# Hey everyone NEW DRIVERS/PARTNERS GrubHub Driver website/



## Schultz (Apr 22, 2021)

Hey everyone I’m new to the forum so thanks for welcoming me and helping me out with a few things and questions that I have about being a part of GrubHub now. The first thing I want to say is the support website or a website for drivers I know that there is one within the app to make tickets but I’m wondering first of all where I can find more information on my earnings and pay and breakdown of each delivery etc. so thanks in advance for helping me out and if you have a link great.

The earnings and instant cash out is a bit confusing as I am a new driver with GrubHub I have verified my account for direct deposit as well as instant pay out but for some reason they’re not letting me Cashout did anyone have this problem right away and did how long does it take for you to cash out using the instant cash out.


----------



## GIGorJOB (Feb 29, 2020)

Full disclosure, I do not use instant cash out personally, no real reason why or why not, so this may vary but outside of the daily and weekly stats that are available in the app, you should get an email at the end of each day/early next day you worked showing your earnings and breakdown. 

You should also get a weekly pay report via email at the end of the pay period each week you worked. Instant cash out can take up to 3 days depending on the bank or institution according to GH. Think there was something about a waiting period for new drivers but that may just be the same 72 hour, 3 day thing.

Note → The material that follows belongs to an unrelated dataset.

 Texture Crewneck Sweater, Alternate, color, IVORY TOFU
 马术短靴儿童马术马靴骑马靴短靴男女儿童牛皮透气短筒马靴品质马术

Welcome, best of luck and good fortune.


----------



## uberboy1212 (Jan 10, 2017)

Go to earnings and then the purple “view earnings activity” on the bottom


----------



## Darrell Green Fan (Feb 9, 2016)

As opposed to Uber you don't have a web site page to go to view your earnings, it's only in the app and you can only go back a few weeks and then it's gone. 

If you are new to Grubhub allow me to give you my input. Not an expert but it's been my primary app for 10 months.

I logged for several weeks the offers I got on and off schedule. Sure enough as I suspected there was absolutely no difference in the offers. I routinely get high offers ($20+) off schedule. So I don't see any reason to try to keep your acceptance rate up (read take really crappy offers) to allow you the opportunity of priority scheduling. In fact I don't schedule at all as that allows me to quit when I want or to run Uber Eats at the same time.

Do not ever do Door Dash. Maybe it's just my area but their offers are literally half of the offers I get from GrubHub and UE. They tend to be a lot of low paying fast food and they pay a straight rate of $3 even if the trip is 14 miles which is totally unfair. The other 2 pay time and miles on top of the base pay.

Be aware that there is a difference in wait times depending on the order or restaurant. I only take a Five Guys if it pays over $18, the reason is I wait every single time as they are ALWAYS "waiting on fries". I get it, they don't want fries sitting under a hear lamp. But there are always people waiting, why don't they cook more damned fries? Pizza takes longer to cook than a sub, be aware of that when taking a $7 offer from a pizza place. Mexican for whatever reason has a longer wait than others, Chinse food seems to be ready when I get there. If you are forced to do fast food, and I do them if it's at a slow time and the offer is decent, try to go to McDonald's. They put their drinks in a bag with handles. The worst part of this job is juggling a tray of soft drinks up 3 flights of stairs.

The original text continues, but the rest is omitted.